Sharing print resources within a workgroup can be easy to do, but most of us fall into some standard traps when we first try it. Here, then, are our top 10 tips for workgroup printing.

1. Buy a printer with a network adaptor
Many workgroup printers come with either a built-in LAN adaptor or an optional one. Even if you only have one computer that's likely to use that printer, go for the LAN option if it's not built in as standard. In this way, when the day inevitably arrives for you to add a second client workstation, you've nothing to worry about.

2. Use native, direct printing if you can
Many printers can talk natively to various clients (e.g. Macs can communicate natively with printers that have AppleTalk capabilities) without the need to hand-configure things such as IP addresses. Where this is an option, make the most of it – a rule of thumb is that you should try to focus on protocols that have the least onerous set of prerequisites. This approach means that when, say, your DHCP world goes all screwy, your graphics department can still print.
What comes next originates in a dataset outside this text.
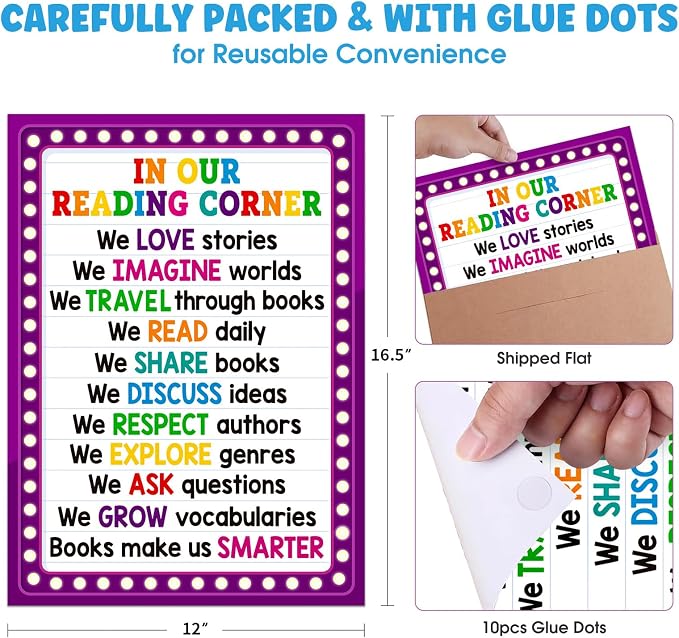 FaCraft Reading Posters for Classroom - Educational Poster Colorful Classroom Decorations for Elementary Motivational Reading Corner Bulletin Board Set for Preschool Kindergarten Homeschool Wall Decor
3. Use a dedicated print server if you can't connect direct
Some printers don't have built-in network adaptors, and so you can't just connect them to a LAN and share them among your workgroup. Don't ever be tempted to connect the printer to someone's desktop PC and use (say) the built-in sharing facility of Windows – you're placing too much reliance on that PC, which the user can reboot, switch off or drop off the desk at will. Dedicated print servers that can connect, say, a USB-based printer to an Ethernet LAN cost 50 quid or less, and they're worth every penny.

4. Look at the spec of your print server
Check the spec of your print server box correctly. We've seen cheap-and-cheerful products that work just great except that they have esoteric little bugs (such as the inability to present non-Postscript printers to Macintosh workstations). If you have to spend a few more pounds to ensure compatibility, do it.

5. Avoid cross-platform, server-based print queuing
The concept that gives us the most grief over and over again is cross-platform printer sharing. By this we mean, say, connecting a Mac server to a printer using native AppleTalk protocols and then trying to share that printer via a server-based queue using Windows SMB protocols. There are so many steps in the chain that when you get a problem, it can be a nightmare to track down and fix.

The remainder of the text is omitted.